### Exercise brief
Repeat every record exactly, but keep images out of the copy.

### Given data
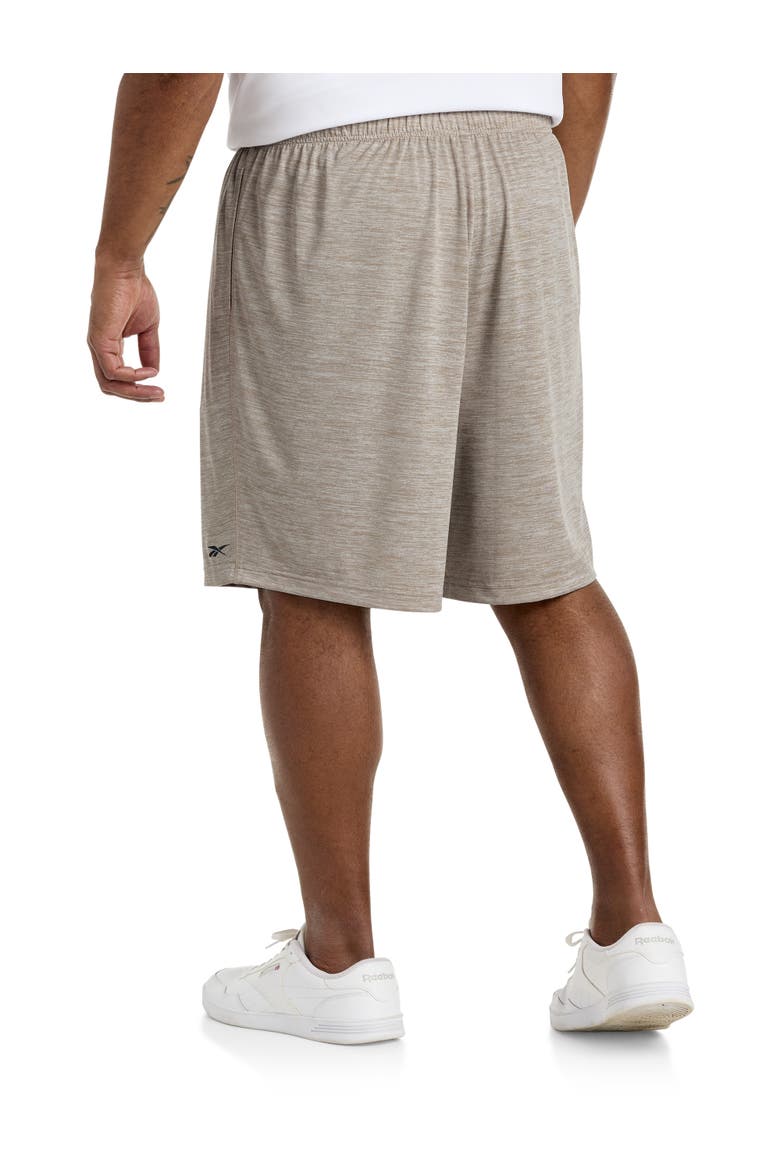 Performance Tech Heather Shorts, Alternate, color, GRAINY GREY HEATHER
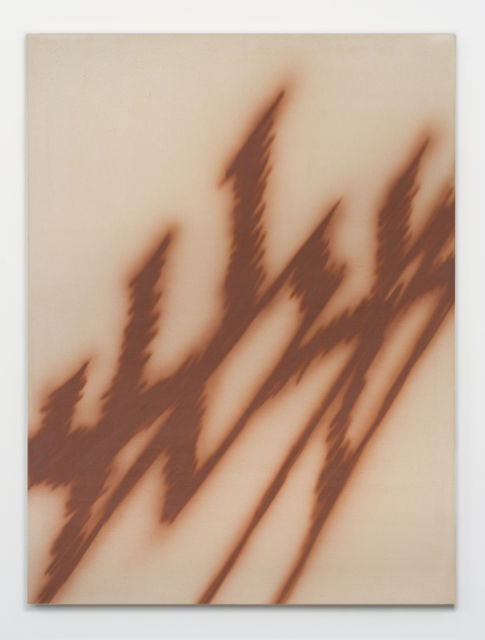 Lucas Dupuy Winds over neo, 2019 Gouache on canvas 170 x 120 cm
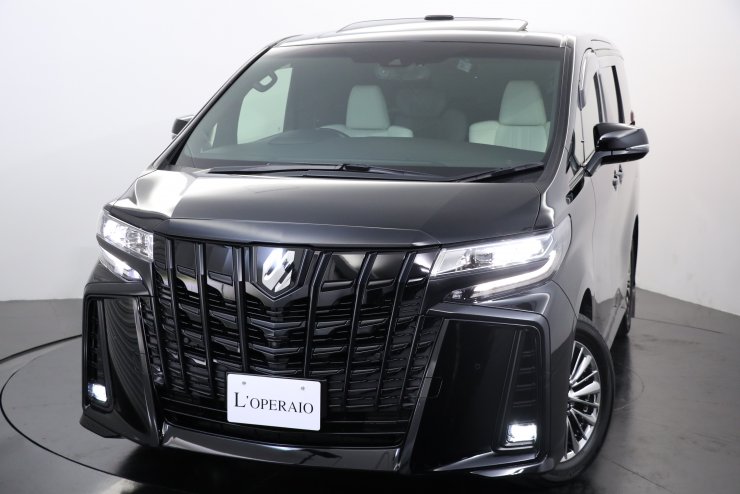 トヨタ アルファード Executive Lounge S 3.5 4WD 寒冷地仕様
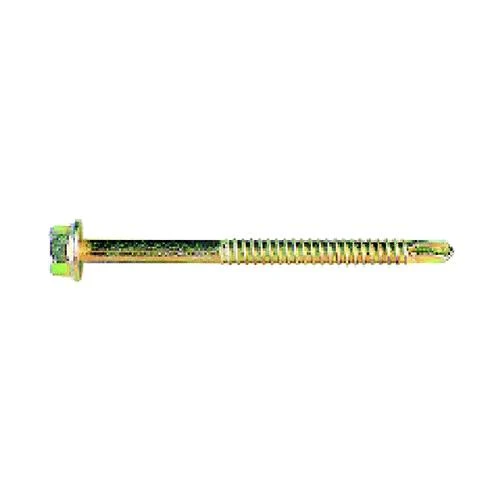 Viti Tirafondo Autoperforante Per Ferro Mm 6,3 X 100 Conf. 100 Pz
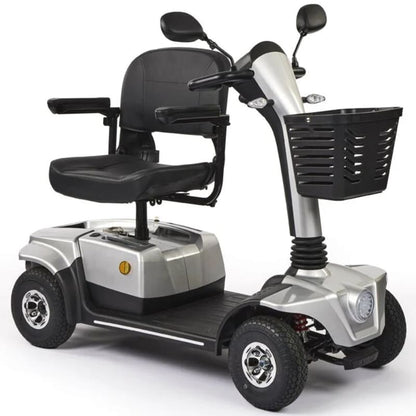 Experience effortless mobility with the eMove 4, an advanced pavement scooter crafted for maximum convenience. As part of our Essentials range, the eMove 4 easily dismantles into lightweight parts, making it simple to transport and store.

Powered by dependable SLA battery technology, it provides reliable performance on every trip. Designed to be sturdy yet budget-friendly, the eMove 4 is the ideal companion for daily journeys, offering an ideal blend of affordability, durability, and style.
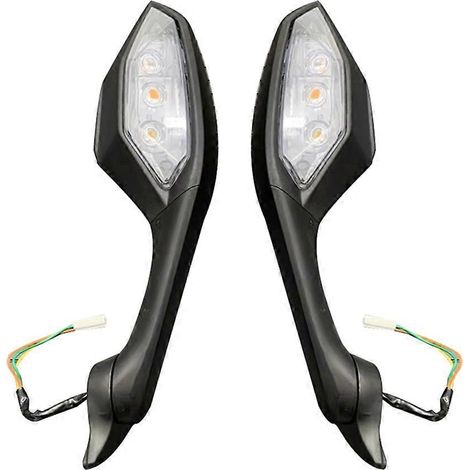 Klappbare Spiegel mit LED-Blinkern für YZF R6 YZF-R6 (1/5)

### Solution for this task
 Performance Tech Heather Shorts, Alternate, color, GRAINY GREY HEATHER
 Lucas Dupuy Winds over neo, 2019 Gouache on canvas 170 x 120 cm
 トヨタ アルファード Executive Lounge S 3.5 4WD 寒冷地仕様
 Viti Tirafondo Autoperforante Per Ferro Mm 6,3 X 100 Conf. 100 Pz
 Experience effortless mobility with the eMove 4, an advanced pavement scooter crafted for maximum convenience. As part of our Essentials range, the eMove 4 easily dismantles into lightweight parts, making it simple to transport and store.

Powered by dependable SLA battery technology, it provides reliable performance on every trip. Designed to be sturdy yet budget-friendly, the eMove 4 is the ideal companion for daily journeys, offering an ideal blend of affordability, durability, and style.
 Klappbare Spiegel mit LED-Blinkern für YZF R6 YZF-R6 (1/5)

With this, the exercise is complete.